For the listing below, output exactly the lines from the line with "Villa Fairway Garden - Tamarina" up to and including the line with "A Pair of Exquisite Doucai Flower Pattern Bowl: A", and no other lines.
Start of The data
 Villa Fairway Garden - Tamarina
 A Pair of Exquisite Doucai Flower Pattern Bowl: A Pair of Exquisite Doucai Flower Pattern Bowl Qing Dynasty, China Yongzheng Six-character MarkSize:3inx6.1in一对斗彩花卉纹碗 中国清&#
End of The data
Start of The data
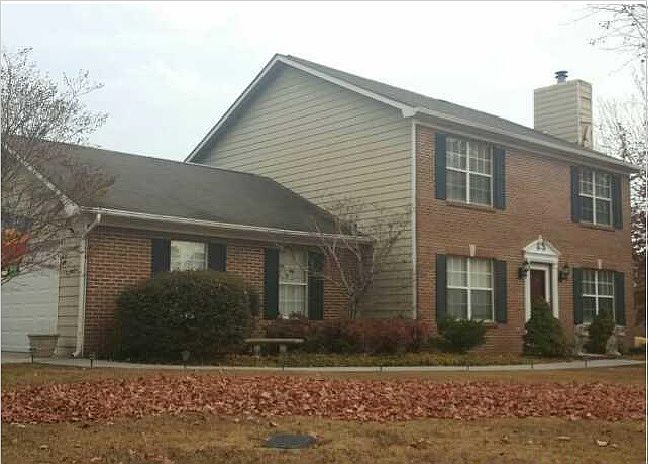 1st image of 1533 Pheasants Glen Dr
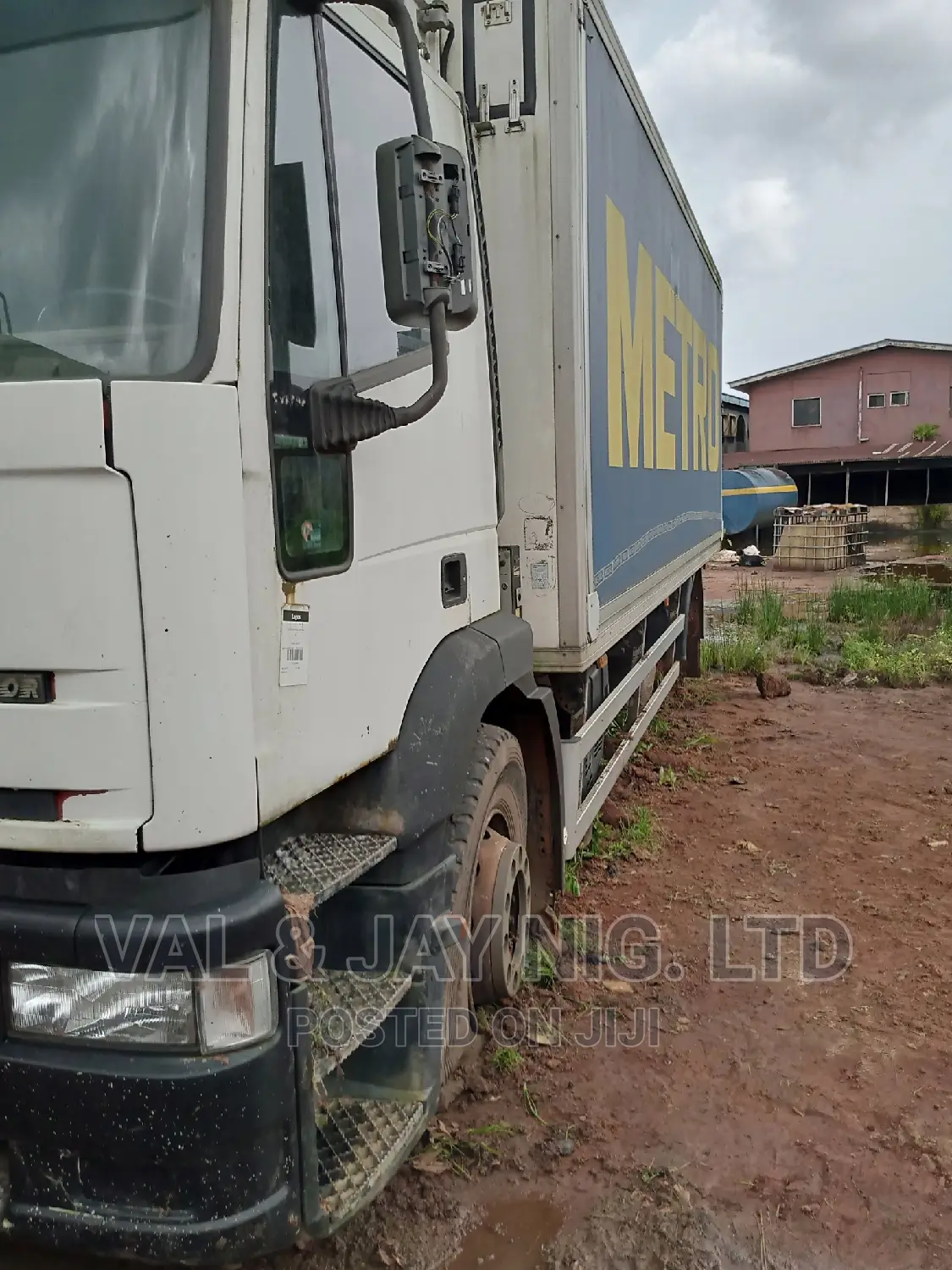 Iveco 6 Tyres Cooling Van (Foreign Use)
End of The data
Start of The data
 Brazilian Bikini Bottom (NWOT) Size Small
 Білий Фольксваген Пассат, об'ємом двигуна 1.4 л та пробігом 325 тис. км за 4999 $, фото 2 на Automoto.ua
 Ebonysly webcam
End of The data
The completed task:
 Villa Fairway Garden - Tamarina
 A Pair of Exquisite Doucai Flower Pattern Bowl: A Pair of Exquisite Doucai Flower Pattern Bowl Qing Dynasty, China Yongzheng Six-character MarkSize:3inx6.1in一对斗彩花卉纹碗 中国清&#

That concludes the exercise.